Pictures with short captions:
/---

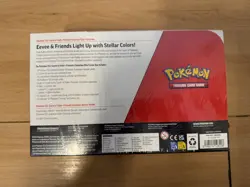 Pokemon TCG Prismatic Evolutions Costco Bundle ETB Booster Bundle New Sealed - Image 3
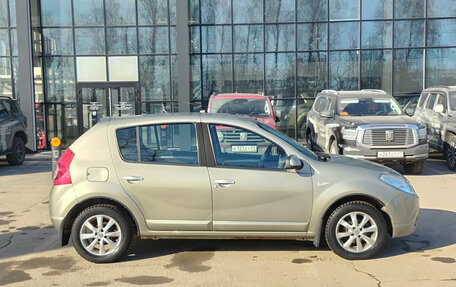 Renault Sandero I, 2012 год, 550 000 рублей, 4 фотография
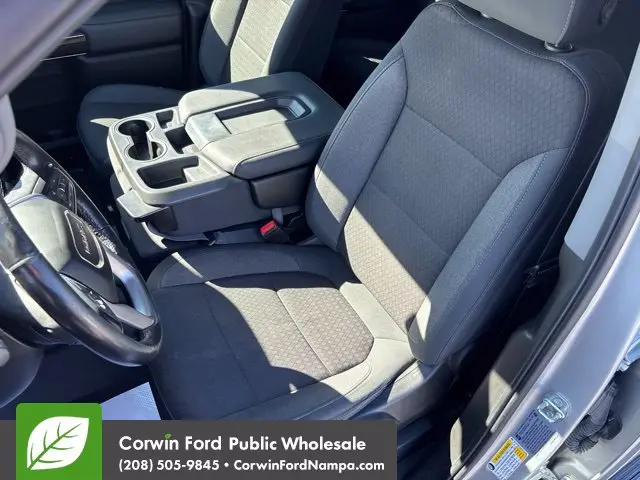 2021 GMC Sierra - $40,000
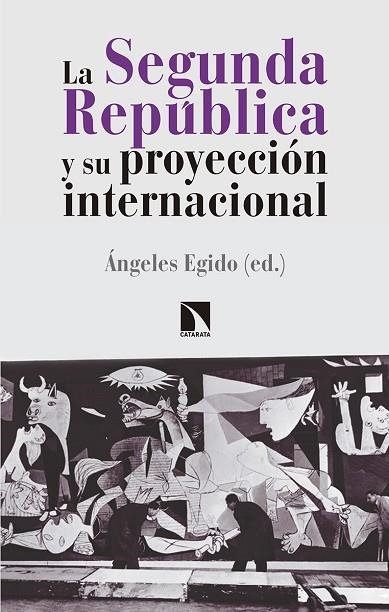 SEGUNDA REPÚBLICA Y SU PROYECCIÓN INTERNACIONAL, LA | 9788490973516 | EGIDO LEON, ANGELES | Llibreria La Gralla | Llibreria online de Granollers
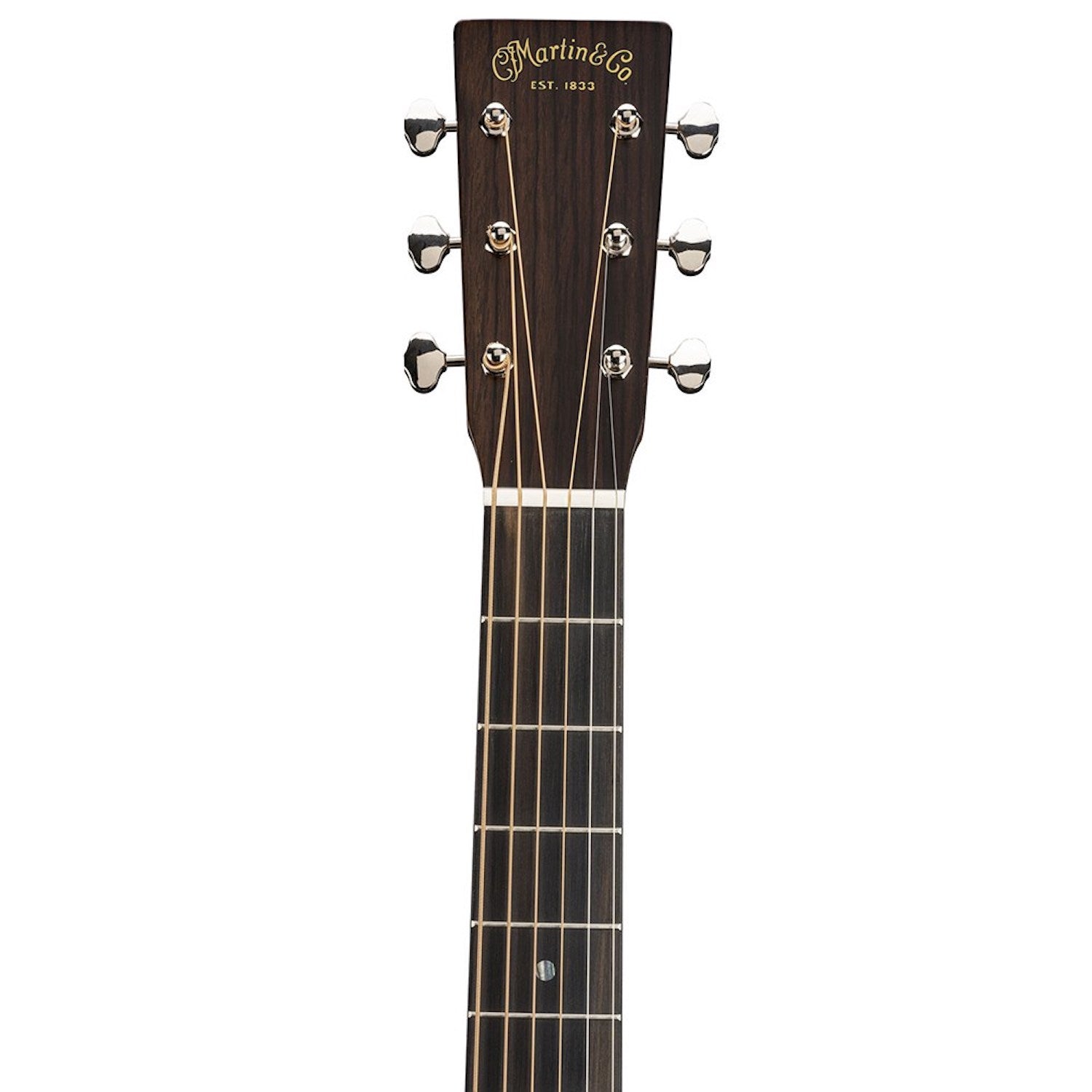 Martin D18 Satin Acoustic Guitar: Standard Series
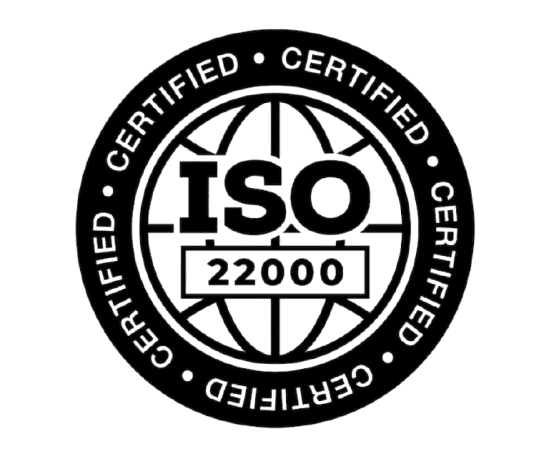 ISO 22000 Certification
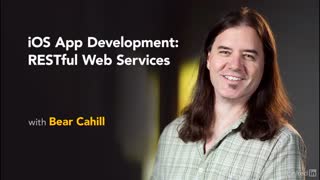 آموزش توسعه اپبیکیشن های iOS: این قسمت سرویس های وب RESTful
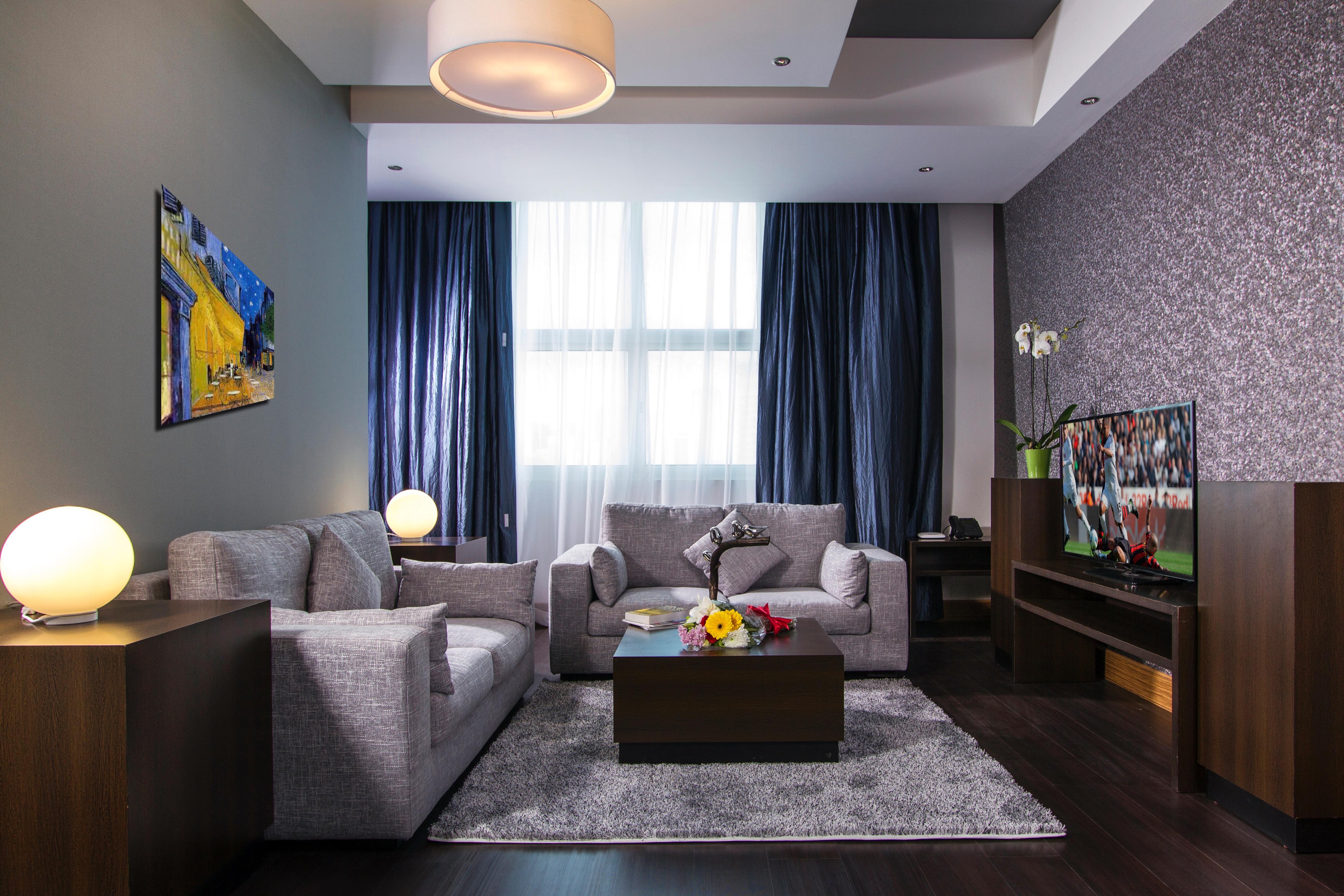 Belair Executive Suites Al-Manamah Bagian luar foto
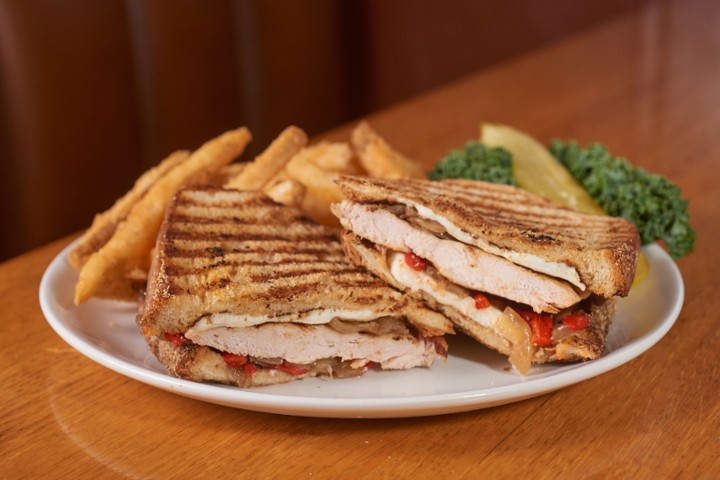 Sylvan Street Panini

\---

(Task requirements)
Only exact duplicates of the lines from the one containing "2021 GMC Sierra - $40,000" through the final line of the entries, both included, are needed, with pictures left out.

(Completed exercise)
 2021 GMC Sierra - $40,000
 SEGUNDA REPÚBLICA Y SU PROYECCIÓN INTERNACIONAL, LA | 9788490973516 | EGIDO LEON, ANGELES | Llibreria La Gralla | Llibreria online de Granollers
 Martin D18 Satin Acoustic Guitar: Standard Series
 ISO 22000 Certification
 آموزش توسعه اپبیکیشن های iOS: این قسمت سرویس های وب RESTful
 Belair Executive Suites Al-Manamah Bagian luar foto
 Sylvan Street Panini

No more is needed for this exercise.